About the weight loss program. The manual we are working from assumes that the people in the class are unable to weigh pros and cons of menu choices. Now, on a good day I’m able to say… do I need to eat 4 oz of chicken to fill up, or will I feel satisfied on a smaller portion of higher calorie beef? To go over your menu doing that for each item is complicated, and on a bad day it’s practically impossible. To uncomplicate it, they say, “Don’t eat beef, it’s too fattening.” Like, DUH. So don’t *eat* as much!

We could go on about vegans and how holy^Whealthy their dietary beliefs are… when someone lays that mess on me I ask them whether vegans breast-feed. *BOOM!* Head explodes. My shrink and I had a good laugh over that recently. I will also add the bibliographic entry for an article from an anthropology text for the ’80s or ’90s – “Science, Witchcraft and Religion” – about how the health-food industry was taking on a moral tone that even back then had a cult-like quality. Your body is a temple, and the health food clerk is its priest. The book is back in print, maybe I should buy another copy.

It’s kind of like, well, I don’t want to make people examine the liver and muscles of every pig they slaughter to be sure it doesn’t contain the particular diseases and parasites that will also harm humans – issues that don’t pertain to cattle – so I’ll just set up a rule of thumb… “Don’t eat pork!” And so you have kosher laws. Orthodox Jews may try to separate the dietary laws from any pragmatic, temporal reasons for their existence, but trust me, there are very good reasons for not letting pre-literate nomads risk their lives on “unclean” foods.

Do we trust the guys who butcher pigs to put our health above their money when it comes to rejecting infested pork? Hmmmm…

Did you know that fat carries toxins right up the food chain, where it gets more concentrated the higher up you go? So maybe we should eat less fat? NO, wrong answer. The brain is 60% fat. No wonder the kids are hammering down french fries, their brains are starving. We think that low-fat is healthy, so we starve their brains from before birth. I think we’re going to discover that autism is due to insufficient fat in the dient. There is considerable evidence that adding fish oil to the diet improves AHDH and bipolar disorder. The answer, then, is to provide foods with a healthy Omega-6 to Omega-3 ratio. The MH docs are saying a max of 4:1 with a minimum of 1 gram of Omega-3. I’ll edit this later to include links. Grocery stores are carrying a cooking oil that meets the criterion. It browns a little bit at normal temps when you saute with it, but that’s not an insurmountable obstacle.

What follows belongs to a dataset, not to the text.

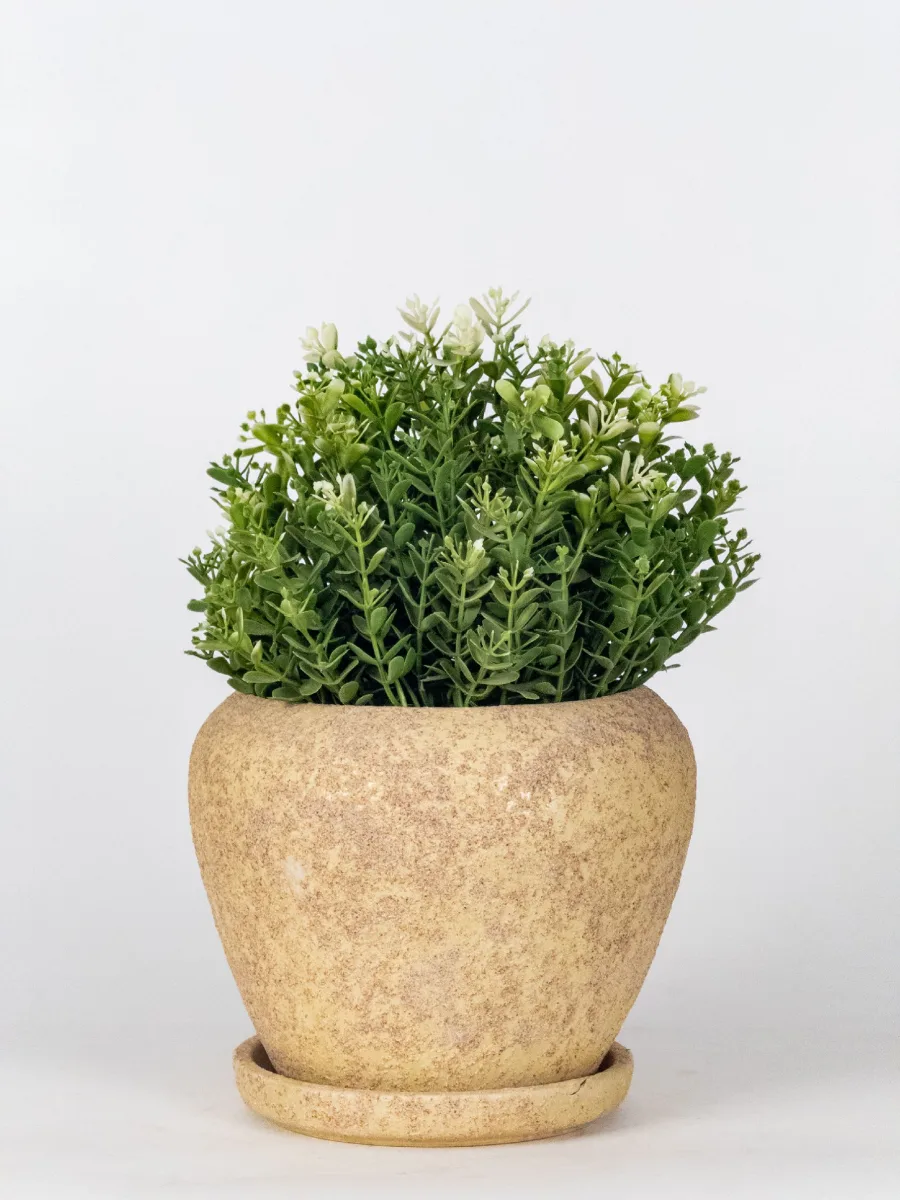 Classic Ceramic Planter — 2.5" Dia × 2" Height — Primary View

Or maybe I’m inventing all this.

Something I wrote last year: Mitochondria Food. I will be updating this.

[Hey, this new version of WordPress makes it easier to insert links. And here I’ve been doing it manually.]

But back to the stability issue. Ah, hell, I’ll break this into separate posts later. Why do I care what other bipolars do? I care because there’s a good chance that bipolars are an important genetic variation, one that brings inventiveness and creativity at the price of instability. By medicating us into submission, the status quo is preventing the evolution of the human species. Evolution is a very real threat to folks whose power lies in making the little people follow their small-minded rules of thumb. Uh, yes, this was part of the discussion I had with the shrink. He recommended a book on neuroplasticity, which I will post separately.